Joiner v. City of Macon

Decision Date13 February 1986
Docket NumberCiv. A. No. 79-287-MAC.
Citation627 F. Supp. 1532
PartiesC.D. JOINER, on Behalf of himself and others similarly situated, Plaintiffs, and United States of America, Plaintiff-Intervenor, v. CITY OF MACON, Defendant.
CourtU.S. District Court — Middle District of Georgia

David L. Mincey, Macon, Ga., Linda R. Hirschman, J. Peter Dowd, Chicago, Ill., for plaintiffs.

W. Warren Plowden, Jr., Macon, Ga., for defendant.

FINDINGS OF FACT AND CONCLUSIONS OF LAW

OWENS, Chief Judge.

1. This action was brought pursuant to the Fair Labor Standards Act, 29 U.S.C.A. §§ 201-219 (West 1985)("FLSA") by plaintiff transit employees seeking backpay for unpaid overtime compensation, liquidated damages, prejudgment interest, costs, and attorney's fees.

HISTORY OF THIS LITIGATION

2. Plaintiffs Joiner and others ("plaintiffs") who filed consents to sue in this action1 have been employed by the City of Macon transit system ("defendant") at all times material to this action.

3. Upon cross motions for summary judgment filed by the parties, this court held on April 27, 1981:

... it cannot be said that Macon Transit System is an integral operation in an area of traditional governmental functions which would be exempted from the requirements of the FLSA.

Accordingly, the overtime provisions of the FLSA were deemed to apply to Macon's transit system and the plaintiffs were deemed entitled to judgment on liability as a matter of law. That decision was affirmed in Joiner v. City of Macon, 699 F.2d 1060 (11th Cir.1983). Thereafter defendant's petition for writ of certiorari was denied by the Supreme Court of the United States on March 4, 1985, without explanation or comment. Joiner v. City of Macon, ___ U.S. ___, 105 S.Ct. 1391, 84 L.Ed.2d 781 (1985).

4. Defendant's petition for writ of certiorari was pending because of the Supreme Court's consideration and decision on February 19, 1985, in Garcia v. San Antonio Metropolitan Transit Authority, 469 U.S. ___, 105 S.Ct. 1005, 83 L.Ed.2d 1016 (1985) ("Garcia"). In Garcia the Supreme Court overruled its earlier decision in National League of Cities v. Usery, 426 U.S. 833, 96 S.Ct. 2465, 49 L.Ed.2d 245 (1976)("National League") and "rejected, as unsound in principle and unworkable in practice, a rule of state immunity from federal regulation that turns on a judicial appraisal of whether a particular governmental function is `integral' or `traditional,'" Garcia, 105 S.Ct. at 1016, and held "...that Congress' action in affording public employees the protections of the wage and hour provisions of the FLSA contravened no affirmative limit on Congress' power under the Commerce Clause," id. at 1020.

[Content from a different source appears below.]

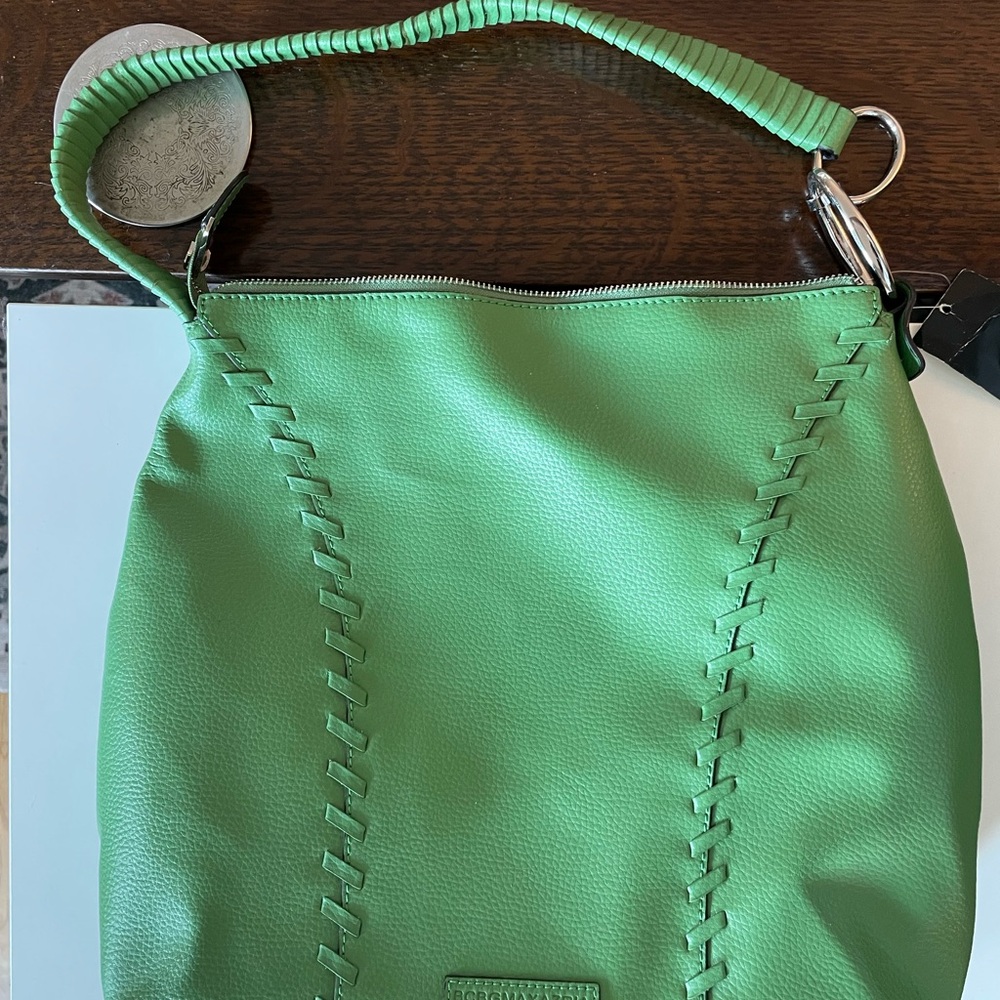 BCBGMaxAzria Green Shoulder Bag with Braided Strap and Silver Hardware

5. Thereafter defendant moved this court to reexamine its April 27, 1981, summary judgment opinion on the issue of liability. On August 30, 1985, this court, denying such motion, ruled:

If the Supreme Court were of the opinion that Garcia required a reconsideration of this Court's opinion it would have so stated in its order. Having failed to so state the Supreme Court's denial meant that the City of Macon lost its final opportunity to overturn the decision of this court and the Eleventh Circuit Court of Appeals.
FINDINGS OF FACT

6. Defendant's payroll records reveal, and accordingly there is no dispute that since at least December 20, 1977, each plaintiff except C.W. McCoy2 worked numerous work weeks for Macon in excess of forty hours per week for which they were paid only their regular straight time rate of pay. Plaintiffs were not paid one and one-half their regular rate of pay for each hour worked in excess of forty hours per week. The parties have reviewed Macon's payroll data and have stipulated to the hours worked and rates of pay for each pay period, from which each party has submitted to the court their respective calculations of back pay due.

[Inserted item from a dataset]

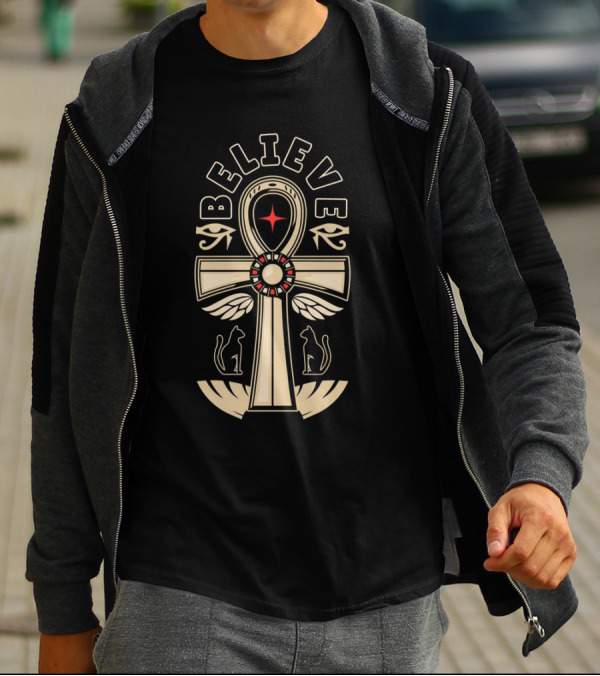 Believe Ankh Symbol With Wings And Cats T-Shirt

The parties continue to be in dispute over whether plaintiffs Griffin, Bone, W. Jackson and Kitchens are exempt as executive or administrative personnel. See 29 U.S. C.A. § 213(a)(West 1965). The parties are given leave for 90 days to engage in discovery in regard to those issues. Those issues will then be resolved by the court.

7. In order to determine the period of time for which Macon is liable to plaintiffs and the appropriate back pay, liquidated damages, and other relief, it will be necessary to review the pertinent history of the application of FLSA to public transit employees.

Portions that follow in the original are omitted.